The five, the only confirmed survivors among 13 Japanese nationals North Korea has admitted abducting in the 1970s and 80s, arrived at Haneda airport in Tokyo yesterday afternoon on a government-chartered plane. They will spend about two weeks in Japan before returning together to North Korea.
... after years of denials, the North Korean leader, Kim Jong-il, told Mr Koizumi during bilateral talks in Pyongyang that his country's special forces had indeed kidnapped Japanese and used them to teach their language to spies.

And this article in Salon detailing U.S. kidnappings and imprisonment of innocent men in the mids of the Bush Administration's declared "war on terror":

Sami al-Haj, the Al Jazeera camerman who was encaged at Guantanamo for years until being recently released, was simply traveling with an Al Jazeera reporter from Pakistan into Afghanistan to cover the U.S. invasion for his news network when he was stopped by a Pakistani immigration officer, turned over to the U.S., kept in an underground Afghan prison for six months, and then basically disappeared off to Guantanamo, where he remained for years, interrogated not about Al Qaeda, but largely about the operations of Al Jazeera...

Ali Saleh Kahlah al-Marri -- the computer science graduate student at Bradley University, in the U.S. on a student visa -- was arrested at his home in Peoria, Illinois where he lived with his wife and five children, charged with credit card fraud, only to then have his trial canceled at the last minute by George Bush, who declared him an "enemy combatant" and ordered him into military custody, where he remained for years with no charges.

Canadian citizen Maher Arar was also detained at the airport -- on a stop-over at JFK Airport on his way back from a family vacation to his Ottawa home -- and then sent to Syria to be tortured for 10 months, only for it to be discovered thereafter that he was completely innocent, that U.S. officials apprehended the wrong man.

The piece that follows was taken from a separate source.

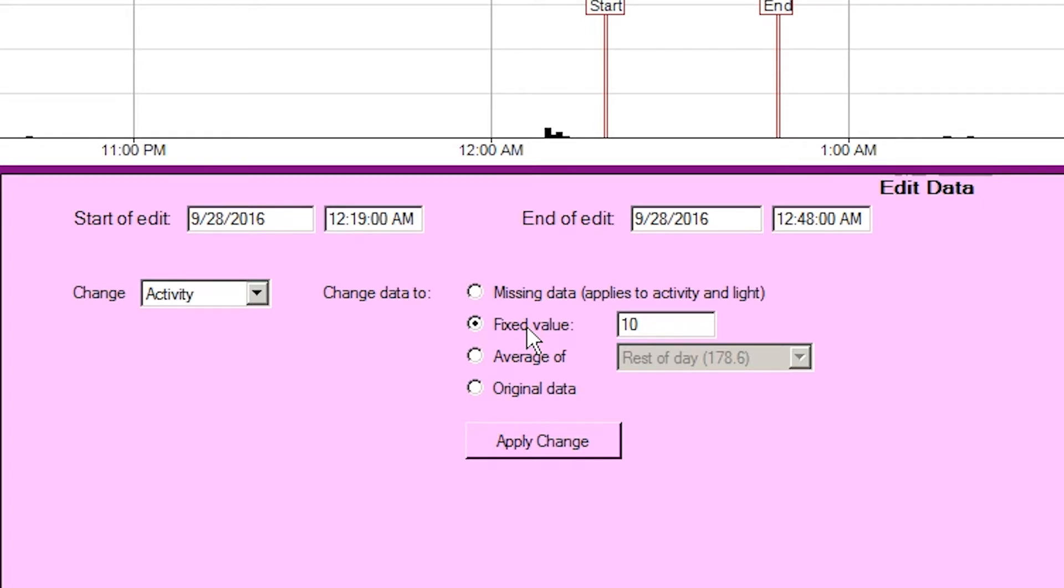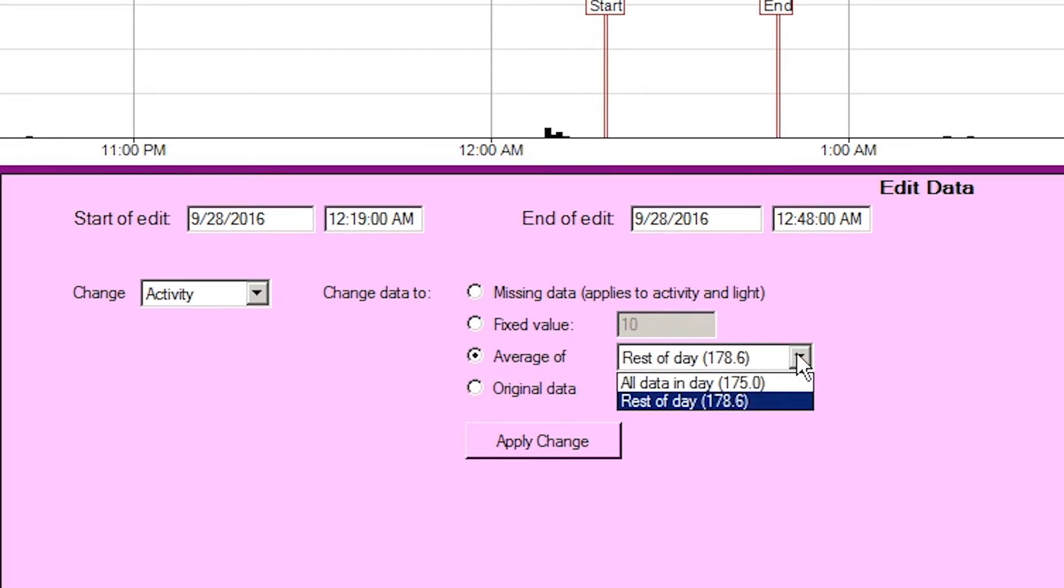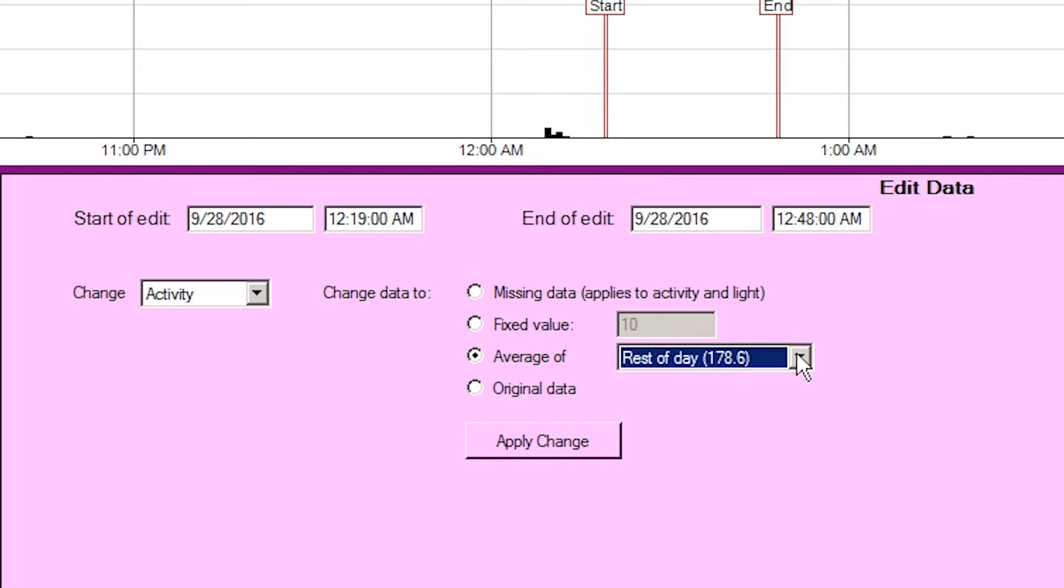Average of, this will set the data samples to either the average of the entire day including the selected period or the average of the day excluding the selected period. The day is taken as the 24-hour period between midnights which contains the start time of the edit.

German citizen Khaled El-Masri was snatched up while on vacation in Macedonia, accused of being a Terrorist, shipped around to multiple countries, denied access to the outside world, tortured by the CIA for months, only to be released once they realized it was a case of "mistaken identity." And the lead plaintiff in the Supreme Court case, Lakhdar Boumediene, was a Bosnia citizen, living in Bosnia, who was arrested by Bosnian authorities at the request of the Bush administration, investigated, and determined by the Bosnian Supreme Court to be innocent. But upon his being released, U.S. forces inside Bosnia immediately seized him and shipped him to Guantanamo.

The parallels are disturbing. In both cases we have a sovereign government whose intelligence agencies, in the name of furthering national security, kidnap foreign nationals, often on foreign soil, and imprison them thousands of miles from their native country. They are refused any right to habeas corpus, are in many cases imprisoned in complete secrecy, denied any contact with their families and loved ones back home.

Yes, there are differences, of course. And defenders of the Bush administration's lawlessness would no doubt argue that, while the U.S. may have mistakenly imprisoned innocents on certain occasions, the North Koreans knew exactly what they were doing when they snatched innocent Japanese citizens and spirited them off to North Korea to train its spies in the language and customs of their mother country. But the parallels are also striking, and don't speak well of what our nation has become under the leadership of George W. Bush. The kidnapping of foreign nationals by secret operatives working on foreign soil, the secret prisons, the refusal to allow detainees to challenge the legitimacy of their imprisonment; it is all very disturbing. Worse yet, it is worth noting that there is little evidence that North Koreans tortured the people they kidnapped, unlike what U.S. interrogators are reported to have done or facilitated through the practice of "extraordinary rendition" for interrogation to other nations with long histories of torture. The North Koreans may have assassinated a few of their kidnap victims to steal their identities which is, of course, reprehensible and a gross violation of all norms of law and human decency. But then, so is the extraction of information and of signed confessions under torture.

Is the U.S. equal to North Korea in criminality? Certainly not. But when it comes to the kidnapping of foreign nationals and this Administrations' utter contempt for the notion that such prisoners have any rights to due process under U.S. law, the Bush Administration walks hand in hand with the criminal regime of Kim Jong Il.